Data in this exercise.
● ● ● ● ●
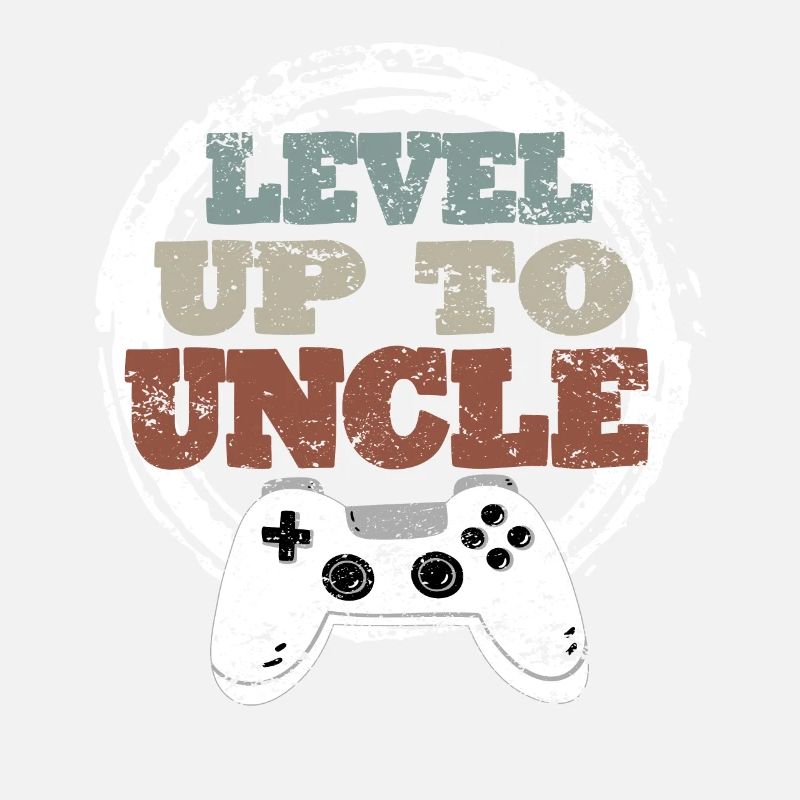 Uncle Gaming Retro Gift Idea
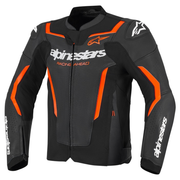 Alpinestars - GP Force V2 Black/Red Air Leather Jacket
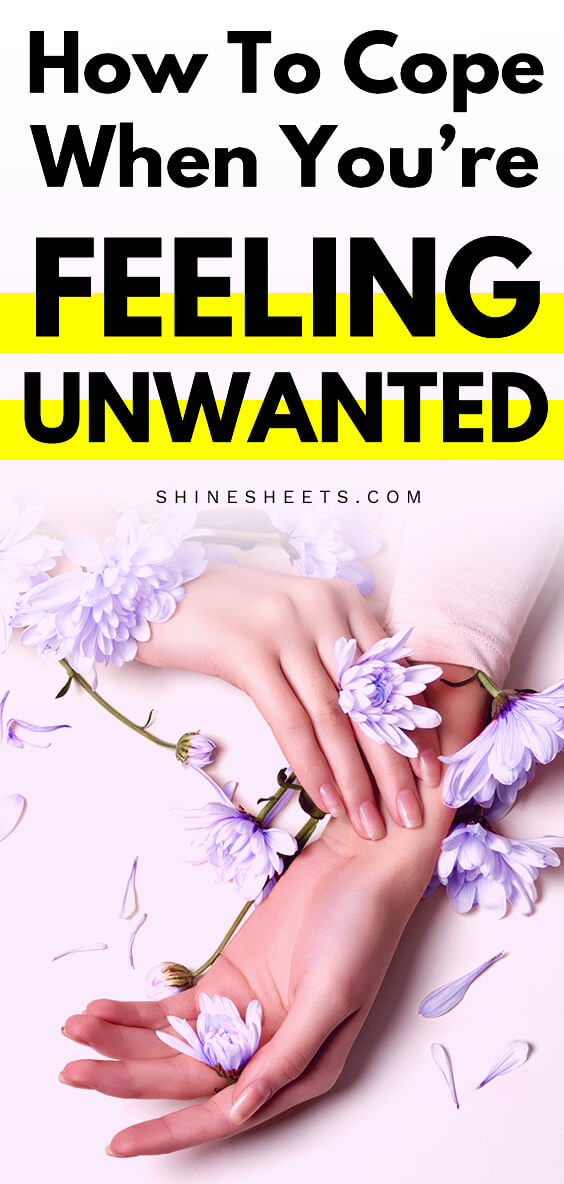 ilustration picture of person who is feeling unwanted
● ● ● ● ●
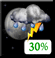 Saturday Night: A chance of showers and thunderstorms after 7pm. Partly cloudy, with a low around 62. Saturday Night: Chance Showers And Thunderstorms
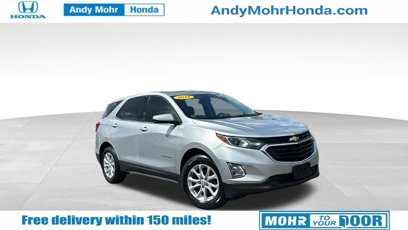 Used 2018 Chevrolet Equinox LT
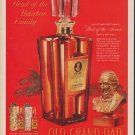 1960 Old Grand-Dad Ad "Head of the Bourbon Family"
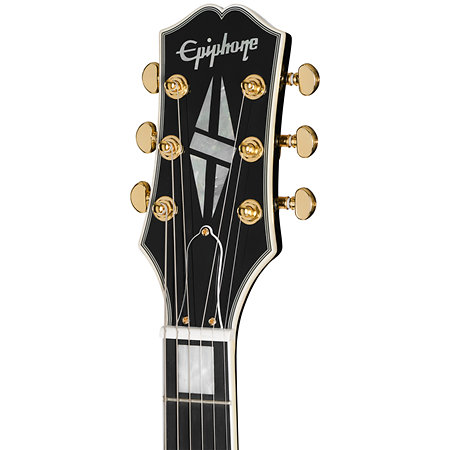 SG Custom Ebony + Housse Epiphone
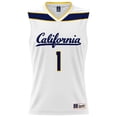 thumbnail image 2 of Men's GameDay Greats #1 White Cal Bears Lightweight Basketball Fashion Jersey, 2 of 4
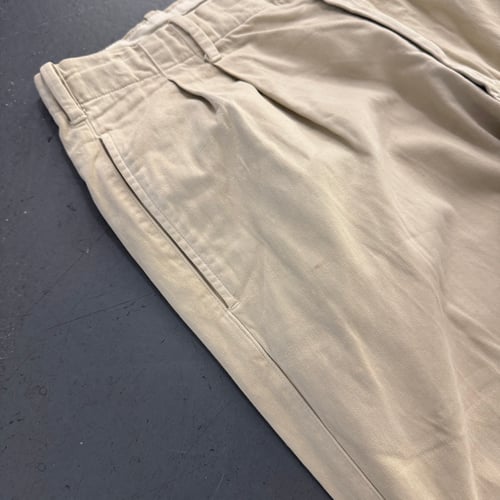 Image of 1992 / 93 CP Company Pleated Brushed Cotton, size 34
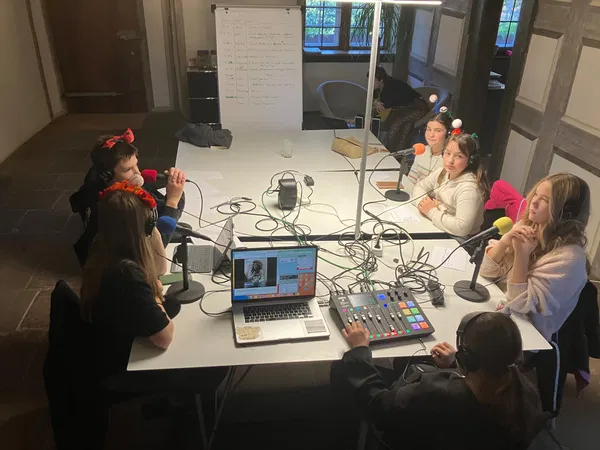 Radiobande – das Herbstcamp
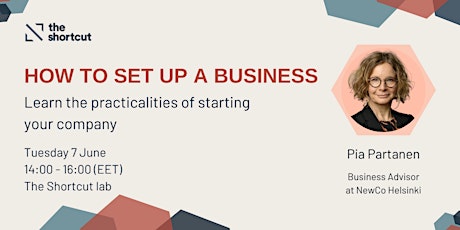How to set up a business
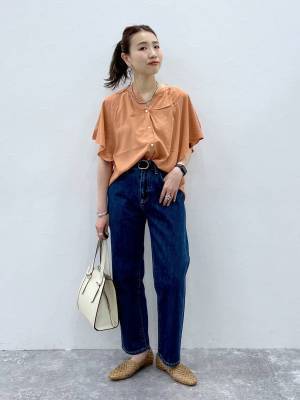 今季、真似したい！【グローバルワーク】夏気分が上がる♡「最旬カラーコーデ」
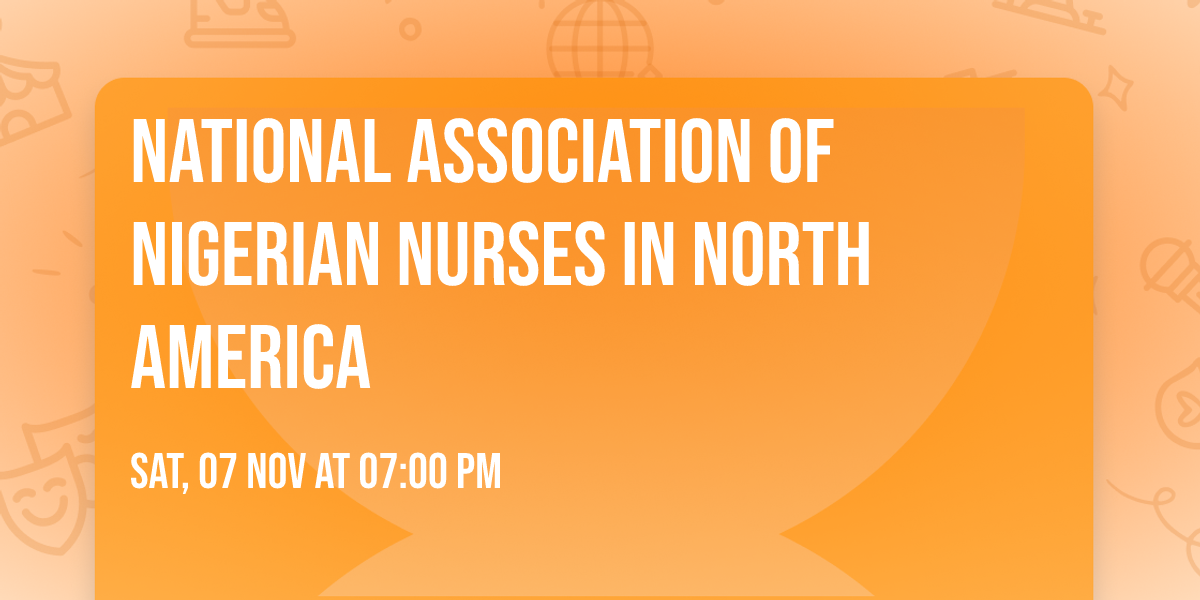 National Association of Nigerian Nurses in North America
● ● ● ● ●
Aim of the exercise. Using the entries above, transcribe exactly from the line that has "Radiobande – das Herbstcamp" through the line that has "National Association of". Pictures are dropped.

Answer to the exercise.
 Radiobande – das Herbstcamp
How to set up a business
 今季、真似したい！【グローバルワーク】夏気分が上がる♡「最旬カラーコーデ」
 National Association of Nigerian Nurses in North America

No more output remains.